Task description - Ignoring the pictures, copy the data exactly.

Data extract -
╔══

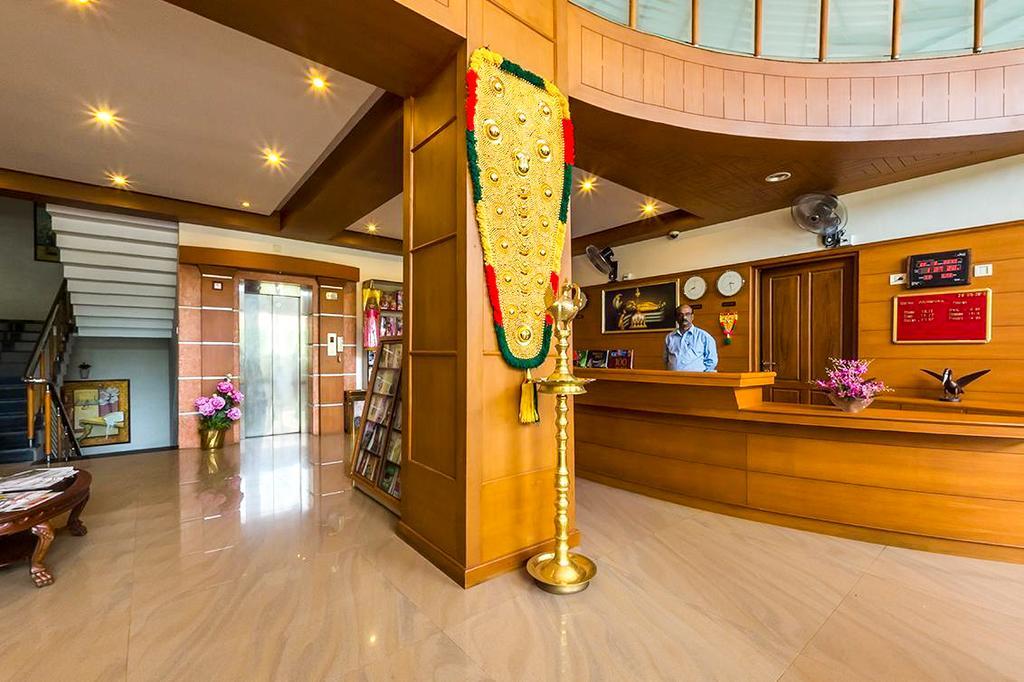 Hotel Geethu International Kovalam Kültér fotó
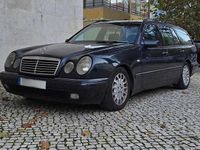 Usado Mercedes E300 177 HP (130 kW) 1999 Azul Carrinha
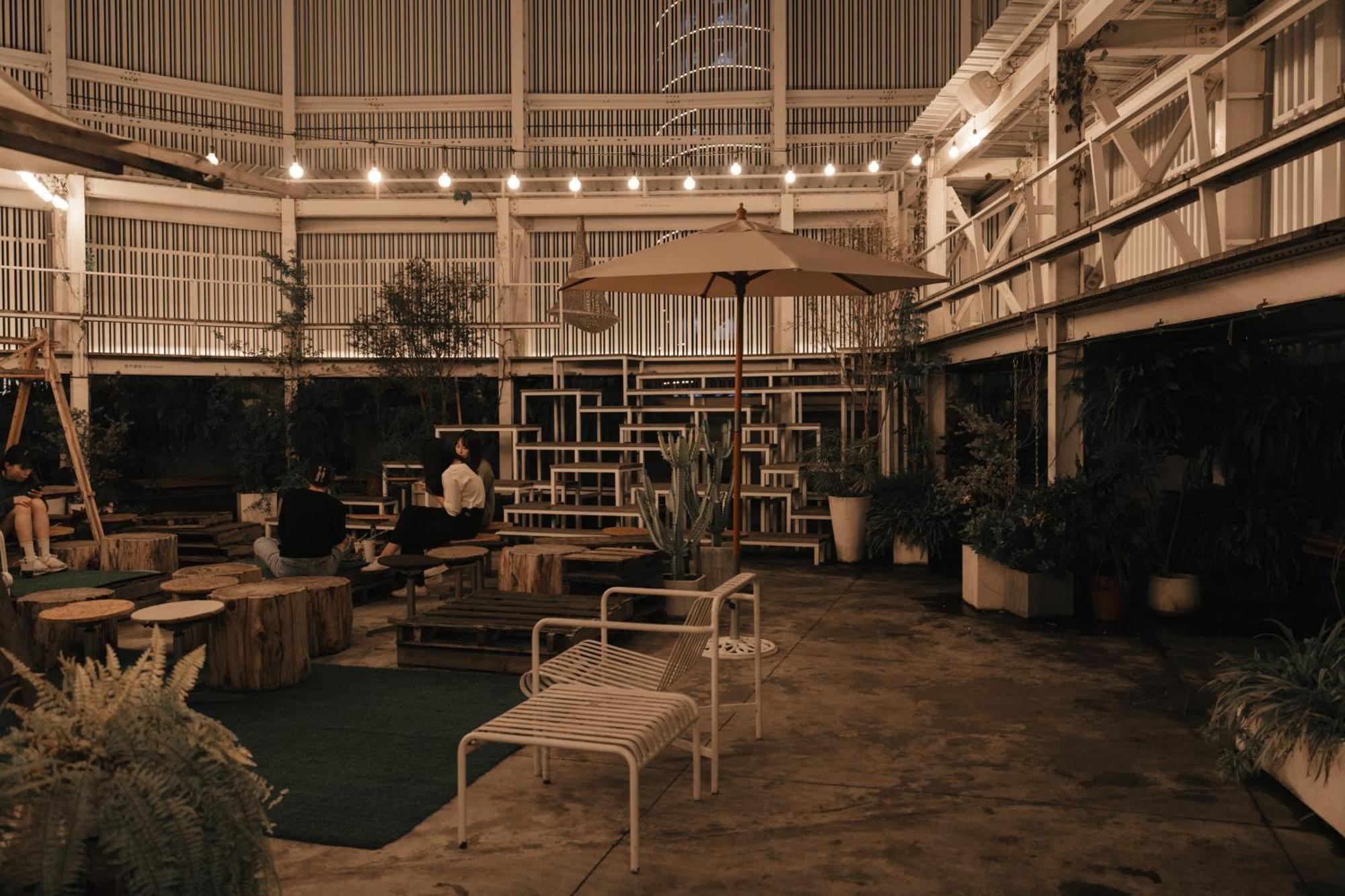Norden Ruder Hostel Taichung Bagian luar foto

╚══

Output -
 Hotel Geethu International Kovalam Kültér fotó
 Usado Mercedes E300 177 HP (130 kW) 1999 Azul Carrinha
Norden Ruder Hostel Taichung Bagian luar foto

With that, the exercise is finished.